By Erica Commanda
TORONTO – There will be 18 multi-talented, high profile First Nations artists showcasing their diverse body of work for the third annual Indigenous and Ingenious Sale and Show at the Ralph Thornton Centre, just east of Broadview on Queen Street East in Toronto this weekend.
One of the featured artists is emerging talent Summer Faith Garcia from Walpole Island First Nation. “I think people can expect something that’s different. A lot of what I’m creating is handcrafted arts in glass, so you will be picking up a piece of that is very unique,” she says.
This will be Garcia’s first time showcasing her work at Indigenous and Ingenious. While she works in many different mediums including photography, make-up, installations and digital imagery, she will be displaying her work in stained glass art and jewellery for people to purchase. Her inspiration with her work in stained glass is vibrant colours. “It’s something that I’ve just been fascinated with since I was a little girl,” she explains. “Especially high contrasting oversaturated colours. It feels like candy to me when I see it in glass.”
Some of her stained glass art includes encasing different objects like snakeskin or woodlands style floral patterns. “My creative process is just exploring,” she says. “Right now, I still feel like I’m finding my ground with what I want my style to be. I’m excited to be making these pieces work like that as well.”
Garcia’s first venture into art was when she was eleven years old when she picked up her first copy of Vogue Magazine. She was immediately intrigued by the styles and techniques she saw used by the makeup artists in the magazine. Soon after, she started mimicking and experimenting and teaching herself the artistry behind makeup.

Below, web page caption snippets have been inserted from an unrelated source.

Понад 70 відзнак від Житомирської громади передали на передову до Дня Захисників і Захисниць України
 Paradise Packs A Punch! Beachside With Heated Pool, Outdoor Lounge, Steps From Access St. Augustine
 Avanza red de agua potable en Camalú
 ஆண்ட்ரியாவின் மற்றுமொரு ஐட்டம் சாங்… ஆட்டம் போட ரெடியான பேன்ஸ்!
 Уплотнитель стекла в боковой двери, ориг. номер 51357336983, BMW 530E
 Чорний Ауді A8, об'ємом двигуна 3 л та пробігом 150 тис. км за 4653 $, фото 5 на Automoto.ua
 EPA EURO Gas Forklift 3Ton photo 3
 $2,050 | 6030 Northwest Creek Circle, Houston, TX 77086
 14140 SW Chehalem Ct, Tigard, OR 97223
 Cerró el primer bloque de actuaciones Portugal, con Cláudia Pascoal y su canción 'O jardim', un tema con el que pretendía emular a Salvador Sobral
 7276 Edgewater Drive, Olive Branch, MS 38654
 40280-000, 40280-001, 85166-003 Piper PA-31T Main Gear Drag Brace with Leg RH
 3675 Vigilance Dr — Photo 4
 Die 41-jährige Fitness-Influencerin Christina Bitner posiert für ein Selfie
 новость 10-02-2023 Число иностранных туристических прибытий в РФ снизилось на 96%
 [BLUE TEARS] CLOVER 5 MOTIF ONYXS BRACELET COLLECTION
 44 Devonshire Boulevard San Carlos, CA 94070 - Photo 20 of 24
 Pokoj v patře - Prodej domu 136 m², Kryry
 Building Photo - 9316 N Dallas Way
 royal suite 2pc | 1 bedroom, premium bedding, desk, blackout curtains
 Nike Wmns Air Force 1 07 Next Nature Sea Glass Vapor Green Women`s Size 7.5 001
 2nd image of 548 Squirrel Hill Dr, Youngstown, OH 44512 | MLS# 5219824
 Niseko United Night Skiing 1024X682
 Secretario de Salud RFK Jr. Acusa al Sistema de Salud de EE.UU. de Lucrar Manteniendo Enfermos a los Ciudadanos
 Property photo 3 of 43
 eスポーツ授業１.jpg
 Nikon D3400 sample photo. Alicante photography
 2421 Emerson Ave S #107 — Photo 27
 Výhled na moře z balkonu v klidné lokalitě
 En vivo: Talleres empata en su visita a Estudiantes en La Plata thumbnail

Since then, she has applied this type of learning with the other art mediums she would soon work with – learning the basics first, then expanding her knowledge through experimentation. For stained glass specifically, she went to Fantasy In Glass in Toronto to take a couple of courses and then taught herself how to make jewelry out of it.
Indigenous and Ingenious will also celebrate other high profile Indigenous artists including Anishinaabe mural artist Chief Lady Bird; Jay Soule a.k.a Chippewar; Clayton Samuel King, who works in paint, photography and sculpture; Haudenosaunee mural artist Monique Bedard a.k.a Auralast; and Brian Wright-Mcleod, whose encyclopedia on Indigenous music artists formed the basis for the widely screened documentary Rumble: The Indians Who Rocked the World.
Food will be prepared by a team lead by Suzanne Smoke (Anishinaabe), who will be cooking up traditional dishes using buffalo meat, corn and wild rice. Throughout the day there will be a hand drumming performance by Shandra Spears Bombay from Rainy River First Nation.
Indigenous performance and art is power. In a time when Indigenous artists struggle to gain recognition in mainstream society, it’s art shows like Indigenous and Ingenious, that help create important platforms for these artists to promote their work and for people to support them. What better Christmas present to gift a loved one than something handcrafted meticulously that conveys Indigenous culture in an authentic way? “It supports the community, it supports Indigenous artists,” explains Garcia. “This is a great way to have our stuff be seen and show how unique our culture can be.”